What follows is some of the theory behind hierarchical modeling in computer graphics and some of the issues related to the camera and perspective transforms used in the viewing system.

Hierarchical Modeling

Hierarchical Modeling is a way of representing complex objects as hierarchical combinations of simple objects. A face, for example could be represented as an oblong sphere with some simple objects "pasted" on to represent eyes, ears, nose and mouth. Or a wheel could be represented as a thin torus with a series of cylinders inside to represent the spokes, for example. A more complicated object could then hierarchically include several of these wheels with a box to represent a cart.

The basic premise of hierarchical modeling is thus to create a series of simple objects and allow them to be manipulated and duplicated. In this way, one creates complicated objects that take advantage not only of the features of their sub-objects, but also of their hierarchical properties.

Coordinate Spaces

In general, 3-dimensional coordinate spaces have an origin and 3 non-parallel axes. Typically, however, these axes are taken to be orthogonal. When modeling objects, it is convenient to place them in a world-coordinate system. In order to view these objects, the notion of a camera is used - where the camera itself has a location in world-coordinates (camera position, C ), as well as a direction in which it points ( the N vector ) and an up vector ( U ) and a vector to denote increasing "x" coordinates ( V ). In order to take objects and view them with the camera, the Camera Transform is used to put the objects in to View Coordinate Space.

Camera Transform

Another way of representing the camera position is with two angles and a camera distance. Theta is the angle the camera sits at in the XY plane, and Phi is angle the camera is "away" from the Z axis. We shall call the camera distance to the world-coordinate origin U. The transformation from world coordinate to view coordiante space is carried out using the Tview matrix.

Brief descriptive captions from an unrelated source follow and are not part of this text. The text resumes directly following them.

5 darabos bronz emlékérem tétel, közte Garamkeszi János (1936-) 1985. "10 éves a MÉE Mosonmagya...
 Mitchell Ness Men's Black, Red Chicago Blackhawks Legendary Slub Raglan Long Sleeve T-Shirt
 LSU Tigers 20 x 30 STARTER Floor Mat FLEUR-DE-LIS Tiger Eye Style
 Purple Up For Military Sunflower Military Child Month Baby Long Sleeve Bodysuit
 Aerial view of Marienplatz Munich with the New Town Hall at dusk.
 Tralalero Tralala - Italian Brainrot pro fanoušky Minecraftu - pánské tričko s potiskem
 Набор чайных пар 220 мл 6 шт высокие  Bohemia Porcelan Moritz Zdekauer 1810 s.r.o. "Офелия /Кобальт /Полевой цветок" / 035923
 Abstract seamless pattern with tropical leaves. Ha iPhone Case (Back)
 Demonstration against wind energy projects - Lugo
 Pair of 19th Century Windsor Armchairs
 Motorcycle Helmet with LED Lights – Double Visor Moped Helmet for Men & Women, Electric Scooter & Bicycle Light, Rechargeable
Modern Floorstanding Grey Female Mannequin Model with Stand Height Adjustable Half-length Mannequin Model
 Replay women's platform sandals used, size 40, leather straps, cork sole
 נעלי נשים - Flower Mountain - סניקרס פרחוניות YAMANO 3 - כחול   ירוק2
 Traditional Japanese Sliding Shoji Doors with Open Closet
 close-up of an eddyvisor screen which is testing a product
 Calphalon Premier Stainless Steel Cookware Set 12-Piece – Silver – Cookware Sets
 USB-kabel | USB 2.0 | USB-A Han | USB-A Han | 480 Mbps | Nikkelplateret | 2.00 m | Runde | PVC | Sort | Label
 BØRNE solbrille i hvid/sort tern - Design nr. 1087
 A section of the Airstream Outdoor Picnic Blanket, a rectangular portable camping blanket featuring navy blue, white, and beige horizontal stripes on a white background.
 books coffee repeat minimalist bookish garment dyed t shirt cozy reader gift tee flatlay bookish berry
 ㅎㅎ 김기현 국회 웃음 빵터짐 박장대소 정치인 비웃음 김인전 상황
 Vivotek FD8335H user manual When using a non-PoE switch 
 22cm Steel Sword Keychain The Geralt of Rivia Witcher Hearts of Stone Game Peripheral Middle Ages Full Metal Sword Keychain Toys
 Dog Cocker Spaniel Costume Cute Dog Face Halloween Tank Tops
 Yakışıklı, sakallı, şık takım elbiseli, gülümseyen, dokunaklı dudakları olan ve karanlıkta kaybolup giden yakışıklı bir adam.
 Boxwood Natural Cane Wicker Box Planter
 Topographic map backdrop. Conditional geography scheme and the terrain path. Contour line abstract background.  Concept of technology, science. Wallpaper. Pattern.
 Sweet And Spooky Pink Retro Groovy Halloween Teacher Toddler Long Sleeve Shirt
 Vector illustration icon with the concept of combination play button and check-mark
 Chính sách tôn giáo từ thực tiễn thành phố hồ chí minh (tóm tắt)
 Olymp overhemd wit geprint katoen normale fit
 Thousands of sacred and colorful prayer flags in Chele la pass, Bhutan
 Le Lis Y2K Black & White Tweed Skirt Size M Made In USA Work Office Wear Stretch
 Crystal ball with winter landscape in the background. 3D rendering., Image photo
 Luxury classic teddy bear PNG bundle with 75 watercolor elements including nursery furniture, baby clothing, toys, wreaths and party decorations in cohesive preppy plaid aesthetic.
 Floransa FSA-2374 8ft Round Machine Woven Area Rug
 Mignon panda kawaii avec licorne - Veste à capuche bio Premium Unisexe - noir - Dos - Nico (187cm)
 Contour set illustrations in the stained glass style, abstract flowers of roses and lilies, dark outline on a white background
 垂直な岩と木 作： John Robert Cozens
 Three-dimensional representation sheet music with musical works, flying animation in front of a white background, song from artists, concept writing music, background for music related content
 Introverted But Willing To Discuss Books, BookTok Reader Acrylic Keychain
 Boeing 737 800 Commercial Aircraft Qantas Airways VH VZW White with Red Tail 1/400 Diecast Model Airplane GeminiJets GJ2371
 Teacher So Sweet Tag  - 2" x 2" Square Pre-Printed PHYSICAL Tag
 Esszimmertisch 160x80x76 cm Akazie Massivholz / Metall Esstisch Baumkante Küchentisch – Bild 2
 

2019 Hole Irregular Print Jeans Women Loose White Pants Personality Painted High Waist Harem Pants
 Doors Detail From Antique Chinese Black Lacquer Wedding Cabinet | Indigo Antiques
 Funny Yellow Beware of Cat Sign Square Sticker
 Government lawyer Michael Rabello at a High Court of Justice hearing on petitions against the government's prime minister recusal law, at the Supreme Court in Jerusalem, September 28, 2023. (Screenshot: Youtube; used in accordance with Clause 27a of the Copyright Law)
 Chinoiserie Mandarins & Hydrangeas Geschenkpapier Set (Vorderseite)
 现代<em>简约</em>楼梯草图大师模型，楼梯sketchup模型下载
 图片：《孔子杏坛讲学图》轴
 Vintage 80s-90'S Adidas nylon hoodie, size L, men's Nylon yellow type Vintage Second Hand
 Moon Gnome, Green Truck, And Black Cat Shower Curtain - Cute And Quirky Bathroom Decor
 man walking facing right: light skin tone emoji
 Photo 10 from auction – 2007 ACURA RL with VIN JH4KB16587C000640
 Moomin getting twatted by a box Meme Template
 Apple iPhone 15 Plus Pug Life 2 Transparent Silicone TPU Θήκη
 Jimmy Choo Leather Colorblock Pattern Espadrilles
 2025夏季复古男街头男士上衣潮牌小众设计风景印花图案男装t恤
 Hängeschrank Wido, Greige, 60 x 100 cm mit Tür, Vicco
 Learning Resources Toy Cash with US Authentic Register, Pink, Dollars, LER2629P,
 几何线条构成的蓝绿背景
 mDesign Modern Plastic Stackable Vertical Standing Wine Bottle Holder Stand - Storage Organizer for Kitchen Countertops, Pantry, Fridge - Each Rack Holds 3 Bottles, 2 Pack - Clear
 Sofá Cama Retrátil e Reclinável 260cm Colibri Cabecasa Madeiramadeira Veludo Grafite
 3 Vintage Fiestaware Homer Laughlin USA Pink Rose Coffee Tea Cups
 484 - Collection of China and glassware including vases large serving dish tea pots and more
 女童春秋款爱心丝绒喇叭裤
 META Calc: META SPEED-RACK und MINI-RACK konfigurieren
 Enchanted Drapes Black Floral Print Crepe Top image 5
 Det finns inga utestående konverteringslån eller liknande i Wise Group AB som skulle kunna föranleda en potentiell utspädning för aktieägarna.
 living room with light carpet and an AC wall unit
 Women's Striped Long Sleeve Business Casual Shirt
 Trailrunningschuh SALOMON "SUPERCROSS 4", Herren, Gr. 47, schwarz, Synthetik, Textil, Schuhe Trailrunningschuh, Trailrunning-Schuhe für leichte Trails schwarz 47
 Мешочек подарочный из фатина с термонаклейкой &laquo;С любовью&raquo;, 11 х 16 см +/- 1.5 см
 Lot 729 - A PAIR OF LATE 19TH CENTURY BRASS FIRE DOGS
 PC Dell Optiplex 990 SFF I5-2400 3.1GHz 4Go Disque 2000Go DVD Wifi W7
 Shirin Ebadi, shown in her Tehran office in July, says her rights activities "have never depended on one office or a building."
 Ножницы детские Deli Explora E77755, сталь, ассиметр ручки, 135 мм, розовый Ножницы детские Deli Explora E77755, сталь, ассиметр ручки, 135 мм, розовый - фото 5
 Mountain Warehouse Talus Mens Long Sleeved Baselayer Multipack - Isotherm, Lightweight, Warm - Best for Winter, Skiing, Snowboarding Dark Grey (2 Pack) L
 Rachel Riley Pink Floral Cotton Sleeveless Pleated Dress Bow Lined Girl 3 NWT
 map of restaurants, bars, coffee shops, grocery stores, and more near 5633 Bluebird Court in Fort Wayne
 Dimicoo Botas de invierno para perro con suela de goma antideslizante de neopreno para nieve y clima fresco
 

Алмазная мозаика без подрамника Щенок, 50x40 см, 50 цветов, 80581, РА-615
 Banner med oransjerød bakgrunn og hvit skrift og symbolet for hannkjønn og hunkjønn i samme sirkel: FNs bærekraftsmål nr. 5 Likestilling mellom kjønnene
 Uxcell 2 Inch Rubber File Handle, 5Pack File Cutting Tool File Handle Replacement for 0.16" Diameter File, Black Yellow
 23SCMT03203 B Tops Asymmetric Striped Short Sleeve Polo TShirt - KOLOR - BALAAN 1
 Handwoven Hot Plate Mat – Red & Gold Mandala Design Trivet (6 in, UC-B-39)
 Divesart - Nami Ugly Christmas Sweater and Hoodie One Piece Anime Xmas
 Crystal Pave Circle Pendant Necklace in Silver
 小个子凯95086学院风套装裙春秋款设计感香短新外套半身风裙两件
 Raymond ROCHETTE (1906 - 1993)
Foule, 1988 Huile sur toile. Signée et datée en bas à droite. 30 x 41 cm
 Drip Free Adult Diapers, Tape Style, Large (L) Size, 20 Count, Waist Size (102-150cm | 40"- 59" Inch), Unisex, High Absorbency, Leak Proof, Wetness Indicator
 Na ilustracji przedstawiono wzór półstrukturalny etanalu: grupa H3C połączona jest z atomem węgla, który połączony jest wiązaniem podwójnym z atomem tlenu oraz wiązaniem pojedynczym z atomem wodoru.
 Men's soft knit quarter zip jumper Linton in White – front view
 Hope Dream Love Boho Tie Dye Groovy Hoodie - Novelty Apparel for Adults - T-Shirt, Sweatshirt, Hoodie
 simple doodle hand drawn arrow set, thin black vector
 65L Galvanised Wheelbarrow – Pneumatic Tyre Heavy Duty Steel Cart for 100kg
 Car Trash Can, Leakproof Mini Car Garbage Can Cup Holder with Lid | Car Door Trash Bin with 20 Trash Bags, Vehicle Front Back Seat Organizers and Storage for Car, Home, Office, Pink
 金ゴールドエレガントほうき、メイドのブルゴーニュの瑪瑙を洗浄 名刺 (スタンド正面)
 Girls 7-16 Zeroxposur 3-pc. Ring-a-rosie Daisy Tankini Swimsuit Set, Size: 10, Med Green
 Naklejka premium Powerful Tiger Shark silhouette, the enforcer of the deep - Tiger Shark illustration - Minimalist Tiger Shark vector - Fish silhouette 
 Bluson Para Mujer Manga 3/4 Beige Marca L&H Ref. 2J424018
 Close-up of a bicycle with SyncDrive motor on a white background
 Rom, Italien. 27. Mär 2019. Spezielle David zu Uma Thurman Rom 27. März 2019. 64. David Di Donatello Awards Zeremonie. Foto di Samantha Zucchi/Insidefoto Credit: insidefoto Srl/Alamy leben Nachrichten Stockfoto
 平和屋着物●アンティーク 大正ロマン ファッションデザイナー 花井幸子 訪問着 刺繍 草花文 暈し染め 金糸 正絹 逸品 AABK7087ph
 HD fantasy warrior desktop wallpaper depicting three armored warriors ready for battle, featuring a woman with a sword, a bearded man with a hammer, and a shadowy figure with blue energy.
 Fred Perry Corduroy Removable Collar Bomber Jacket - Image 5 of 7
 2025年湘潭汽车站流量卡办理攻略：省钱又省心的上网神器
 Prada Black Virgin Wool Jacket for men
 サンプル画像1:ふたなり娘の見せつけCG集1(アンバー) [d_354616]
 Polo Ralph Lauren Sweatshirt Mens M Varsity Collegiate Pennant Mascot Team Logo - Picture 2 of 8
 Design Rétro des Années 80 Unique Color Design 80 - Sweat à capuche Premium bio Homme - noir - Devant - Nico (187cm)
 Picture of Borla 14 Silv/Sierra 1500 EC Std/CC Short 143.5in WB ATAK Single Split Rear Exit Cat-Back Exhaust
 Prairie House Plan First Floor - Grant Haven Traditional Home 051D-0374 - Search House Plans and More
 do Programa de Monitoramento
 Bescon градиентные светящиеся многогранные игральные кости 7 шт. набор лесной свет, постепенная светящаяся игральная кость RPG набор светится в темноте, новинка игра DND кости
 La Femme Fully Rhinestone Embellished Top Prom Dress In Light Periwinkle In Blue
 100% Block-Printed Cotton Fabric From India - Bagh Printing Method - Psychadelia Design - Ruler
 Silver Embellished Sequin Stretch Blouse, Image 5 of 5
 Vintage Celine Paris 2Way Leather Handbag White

The TView matrix can be derived through a sequential application of the following transformations (the first three of which are essentially one step):

A Translation of -U*Cos(Theta)*Sin(Phi) in X
A Translation of -U*Sin(Theta)*Sin(Phi) in Y
A Translation of -U*Cos(Phi) in Z
A Rotation about the Z axis of 90-Theta
A Rotaion about the X axis of Phi-180
An optional flipping of x coordinates depending on whether you want everything left or right-handed.

Perspective Transform

The perspective transform takes points and compresses the Z coordinates to turn them from View coordinates to Screen coordinates. In essence, objects that are far away from the camera appear smaller in the screen than objects that are closer. In its most basic form, the perspective transform divides the last column of the transformation matrix by d, the distance from the camera to the viewing screen. This means setting the homogeneous coordinate factor to 1/d resulting in dividing the x and y coordinates by z which gives the desired scaling effect.